Short web captions
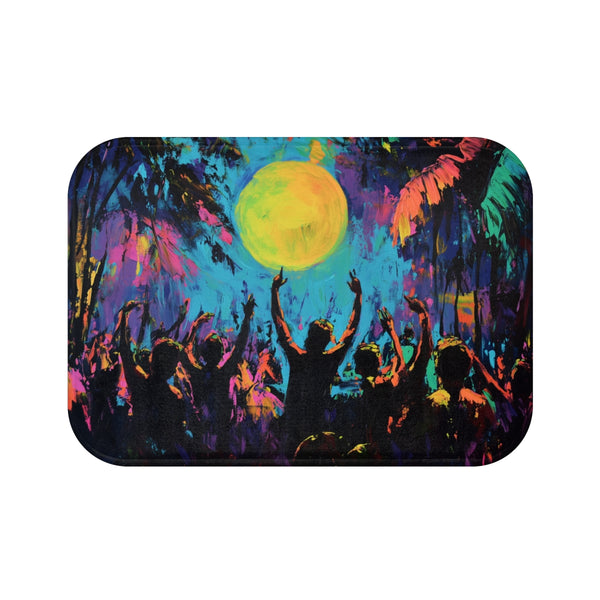 "Neon Moon Festival Bath Mat"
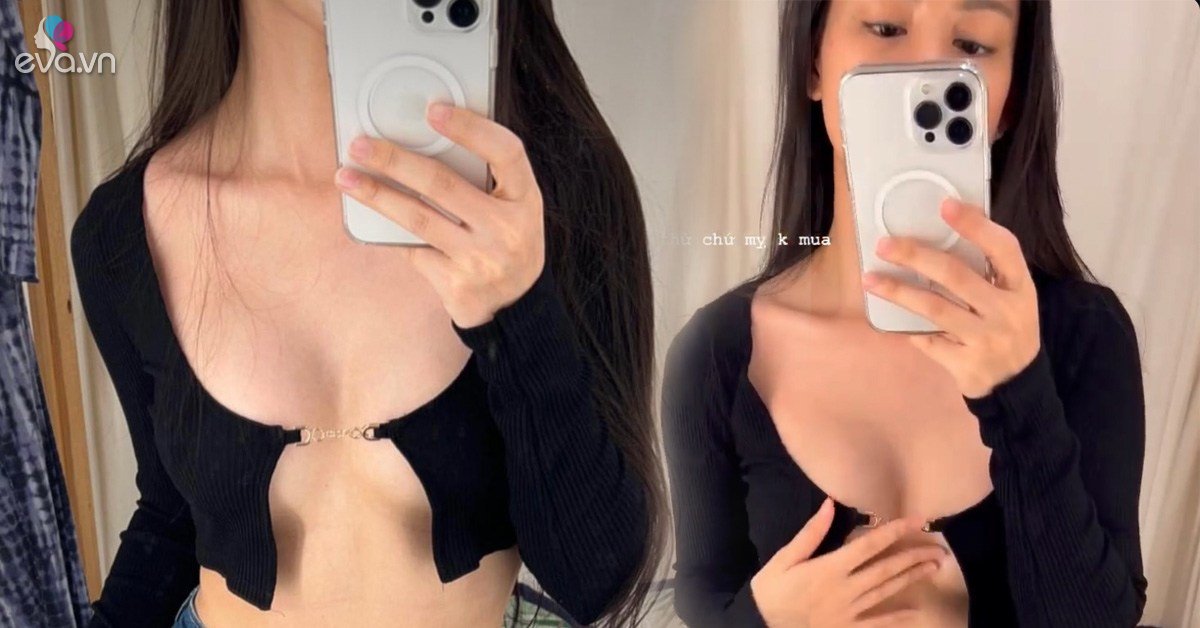 A female singer shows off her breasts in a public dressing room, unexpectedly sexy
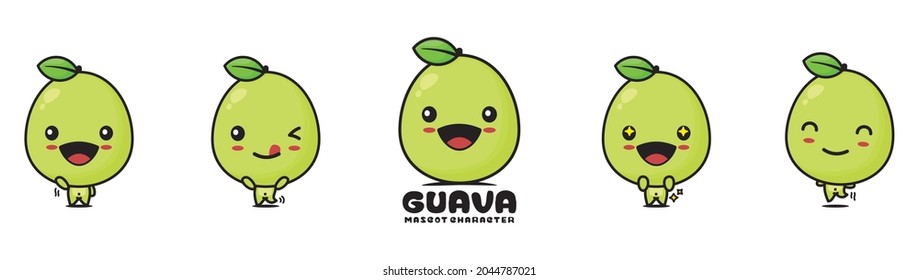 cute guava cartoon mascot, fruit vector illustration, with different facial expressions and poses, isolated on white background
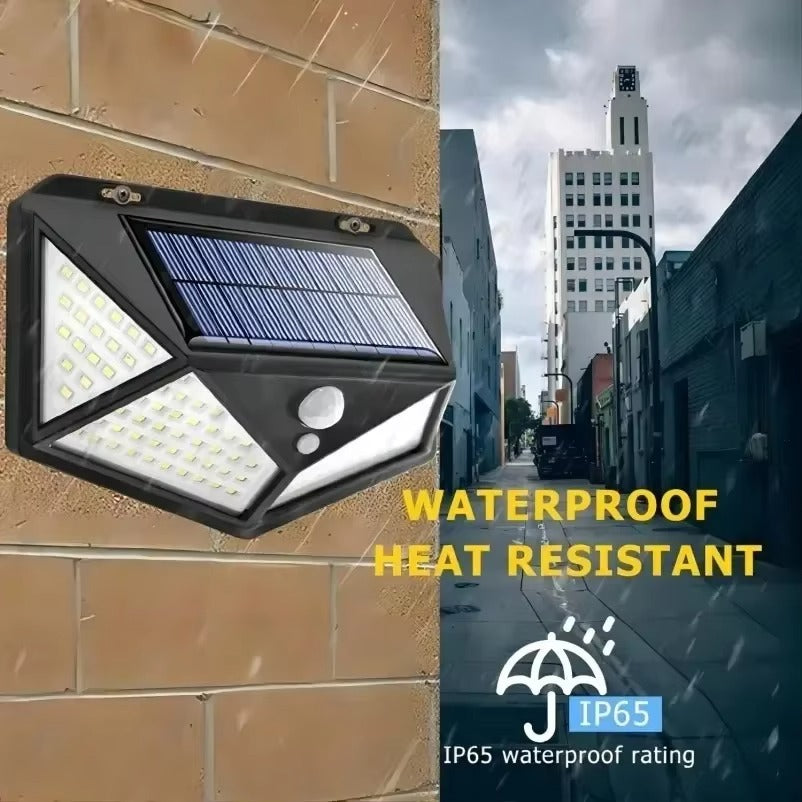 100 LED Solar Motion Sensor Light – Waterproof Outdoor Security Lamp Without Electricity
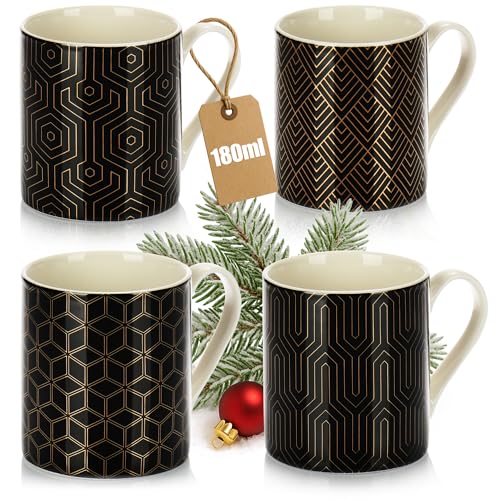 com-four® 4x tasses en céramique 180 ml style art déco, petits mugs vintage pour espresso, americano, thé et vin chaud, adaptés aux boissons chaudes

ASSIGNMENT — All of the records should be set down exactly, minus the pictures they hold.

RESPONSE TO THIS TASK —
 "Neon Moon Festival Bath Mat"
 A female singer shows off her breasts in a public dressing room, unexpectedly sexy
 cute guava cartoon mascot, fruit vector illustration, with different facial expressions and poses, isolated on white background
 100 LED Solar Motion Sensor Light – Waterproof Outdoor Security Lamp Without Electricity
 com-four® 4x tasses en céramique 180 ml style art déco, petits mugs vintage pour espresso, americano, thé et vin chaud, adaptés aux boissons chaudes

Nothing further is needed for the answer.